Alright butt-nuggets, listen up and listen good, a real man is talking. I know there have been a lotta laughs up to this point, but the mockery stops here. My name is Andrew Corliss, I’m twenty-seven years old, and my Mom says you’re not allowed to make fun of me for being a libertarian anymore.

That’s right, you heard me. For too long, I’ve had to suffer countless outrageous japes and jesteries from you mindless, group-thinking, Kool-Aid-drinking, jackboot-wearing bureaucrats, but the fun stops here. You all need to get over your addiction to big government and get over your addiction to making fun of my political views. You know why? Because my Mom said so.

Sorry, not sorry. If that offends you, deal with it.

Ever since I can remember, people have teased me for being a free-thinker. They made fun of my “Don’t Tred On Me” bumper stickers. They said that my idea to privatize every major American roadway was “idiotic” and “impractical.” They said that I was insane and paranoid when I told them I owned over twenty guns. But let me ask you this: When the socialist regime that Premier Bidenovich is trying to impose on us all comes knocking at your door to try and force you to sign up to be an organ donor and pay income tax, who are you pencil pushing pussies gonna call to defend you? That’s right. Me! I hate income tax. It takes away the money of good, hard-working Americans and redistributes it to junkies and losers. That’s why I’ve decided that the only job I’ll ever hold is moderating a very prominent Reddit board.
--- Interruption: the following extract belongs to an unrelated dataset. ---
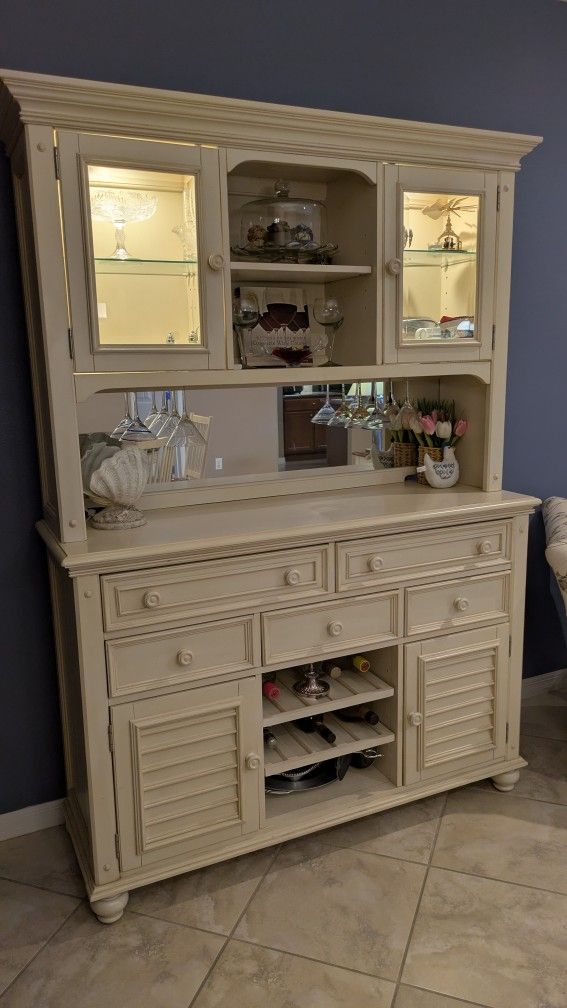Hutch and Buffet
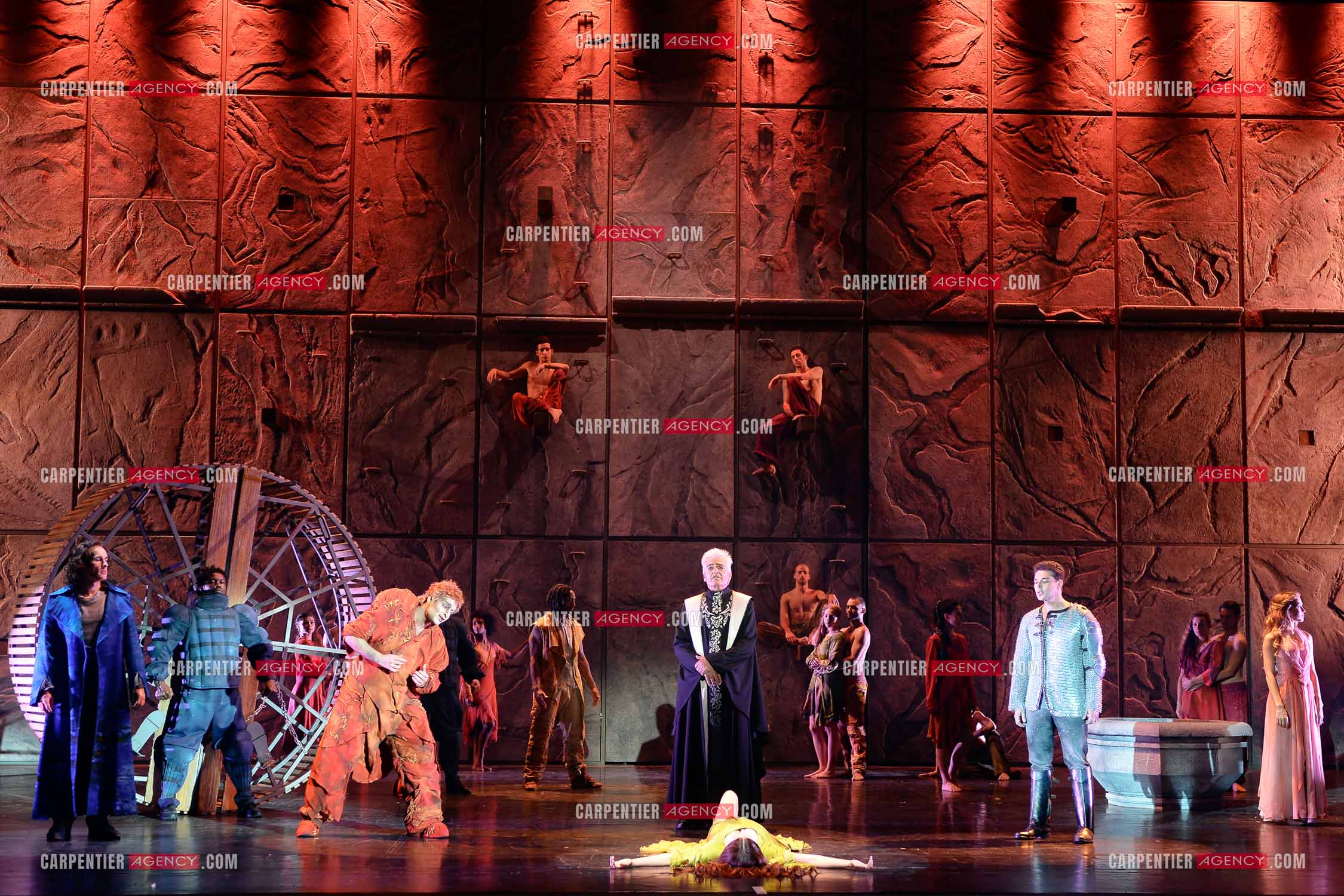 25 èm anniversaire de la comédie musicale Notre Dame de Paris.           Nouvelle  version depuis 2016. Tableau pour la chanson " Belle “ avec tous les artistes: Hiba Tawaji, Angelo Del Vecchio, Daniel Lavoie, Richard Charest, Alyzée Lalande, Martin Giroux et Jay.       ( Exclusif )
My Mom is one of the free thinkers. One of the only ones who gets it. Ever since I became aware of the limitless potentials of unfettered freedom and pure capitalism in high school, people have been teasing me. Like Jesus (who I don’t care for because he preached wealth redistribution) before me, I have been scorned, ridiculed and told by my dental hygienist that I smell badly. And my Mom is tired of it. She’s tired of you saying these things to me. She tells me so all the time. She tells me what a big, strong boy I’m becoming. That’s why she needs me to still live in her basement. To protect her. Because I’m her big, strong, free-thinking man. Her big, strong, free-thinking mommy man who owns over twenty guns.

Ultimately, I could spend more time, telling you dumb shits all the reasons why libertarianism is the only true political philosophy, how you can learn more from South Park than from the lies taught in our public school curriculum, how every report that I’ve seen shows that our economy would be better if we let children work factory jobs. But that’s not up to me to educate you. You’re an independent person. You can do your own research. As for me, I have to go pick up my girlfriend from school.